Foi o sociólogo e historiador Gilberto Freyre quem, em língua portuguesa, primeiro comparou a Igreja Católica a um “grande navio, com séculos de tradição e disciplina, que não pode ser manobrado com a rapidez dos pequenos barcos”. Aos olhos dos críticos, disto decorre parte da dificuldade de comunicação entre o catolicismo e o mundo moderno. De quando em quando, contudo, nomes insuspeitos emergem desta lenta embarcação e se fazem ouvir também em meios seculares, “furando a bolha” da fé católica sem propriamente reformulá-la, lançando mão apenas de seus talentos comunicativos e das novas tecnologias disponíveis.
Assim foi com o arcebispo americano Fulton J. Sheen, premiado em 1952 com o Emmy por seu programa de TV “Life is Worth Living” e conhecido como uma das primeiras celebridades religiosas do século 20; bem como com o papa João Paulo II, o polonês feito bispo de Roma poucos anos antes da criação da internet, que potencializou ainda mais sua já consagrada popularidade midiática. No nível nacional, assim o foi com os padres Marcelo Rossi e Fábio de Melo, e é com o religioso Frei Gilson, com seus mais de 5,4 milhões de seguidores no Instagram e participações recordistas em podcasts seculares. No entanto, levando-se em conta a abrangência da língua inglesa e da influência americana sobre a cultura ocidental, poucos nomes contemporâneos alcançaram tanto destaque quanto o bispo Robert Barron.
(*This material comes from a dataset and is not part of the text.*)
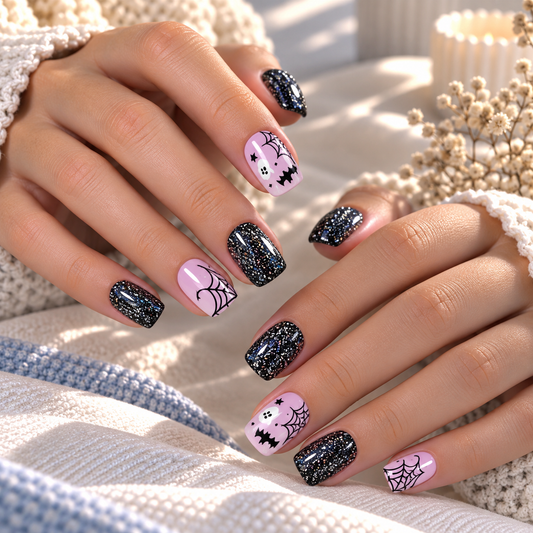 Halloween Bat and Spider Web Press-On Nails – Black Glitter Square, 24pcs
Doutor em teologia, mas com linguagem popular
Nascido em Chicago, Barron fez doutorado em teologia pela Universidade de Paris e foi ordenado sacerdote para a Arquidiocese de Chicago em 1986. Lá, ele se destacou como pároco e professor de teologia. Convidado a transmitir suas homilias na rádio WGN – à época, a maior estação da capital de Michigan – no início dos anos 2000, por sugestão de um amigo, passou a disponibilizar os sermões online. Nascia assim o Word on Fire, projeto de comunicação e formação religiosa que hoje abrange canais no YouTube com mais de 1,7 milhão de inscritos, páginas nas principais redes sociais, podcasts, artigos e séries de documentários. Em 2015, já reconhecido por seu trabalho digital, ele foi nomeado pelo Papa Francisco bispo auxiliar de Los Angeles e, em 2022, tornou-se bispo da Diocese de Winona-Rochester, em Minnesota.
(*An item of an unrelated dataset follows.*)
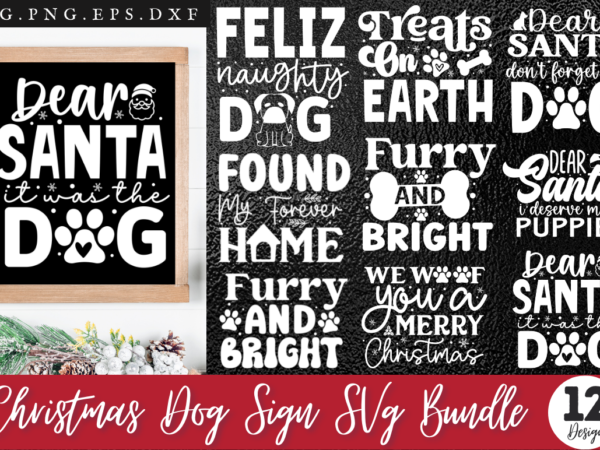 Christmas dog svg bundle t shirt vector file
Um rápido passeio pela lista de vídeos mais assistidos do canal principal de dom Barron atesta a versatilidade do sacerdote, bem como sua capacidade para tratar com rigor filosófico assuntos candentes da atualidade: às meditações do terço mariano, segue-se um vídeo de cinquenta minutos no qual Barron disseca as filosofias de Karl Marx, Friedrich Nietzsche, Jean-Paul Sartre, e Michel Foucault, uma profunda discussão moral acerca do casamento entre pessoas do mesmo sexo e reflexões acerca da natureza do mal. Entre os campeões de audiência está ainda o relato inédito da conversão ao catolicismo do ator Shia LaBeouf, a quem Barron ministrou o sacramento do crisma poucos meses depois. A entrevista já foi assistida mais de 2,6 milhões de vezes.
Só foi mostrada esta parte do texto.